The use of tokens in self-control tasks has a number of advantages, including that it allows one to assess more “symbolic” choice behavior once subjects learn the value of tokens that, in and of themselves, have no inherent or prepotent appetitive qualities or other physically appealing properties. This point was perhaps most notably expressed in the reverse-reward paradigm in which chimpanzees were required to indicate the food set that would be given to a partner animal (Boysen and Berntson 1995). In essence, the chimpanzees had to learn to select the smaller of two food sets in order to receive the larger food set for themselves. This task only was successful with the introduction of symbolic icons (much like tokens), further supporting the notion that iconic symbols and tokens do not carry the same appetitive qualities and prepotency that actual food items carry.
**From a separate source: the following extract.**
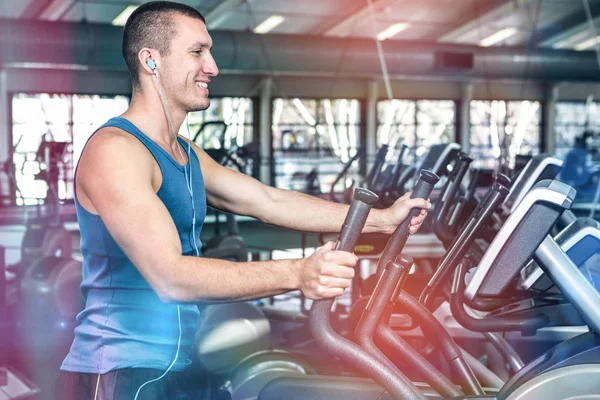 Hombre musculoso sonriente usando máquina elíptica —  Fotos de Stock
However, if one wants to look at a more tempting and motivationally challenging self-control test that involves exchange, one can use food items as the stimuli that are given to subjects. In these tests, animals are given a particular type (or size) of a food and then offered the chance to exchange that uneaten food for a different food item immediately or after some delay. To obtain the best item, the animal must inhibit eating the food that is in its possession. Thus, this task explicitly requires delay of gratification as in the famous marshmallow test (e.g., Mischel 2014) in which food items were always present but had to be ignored or avoided by children in order for better (or more) food to be obtained later.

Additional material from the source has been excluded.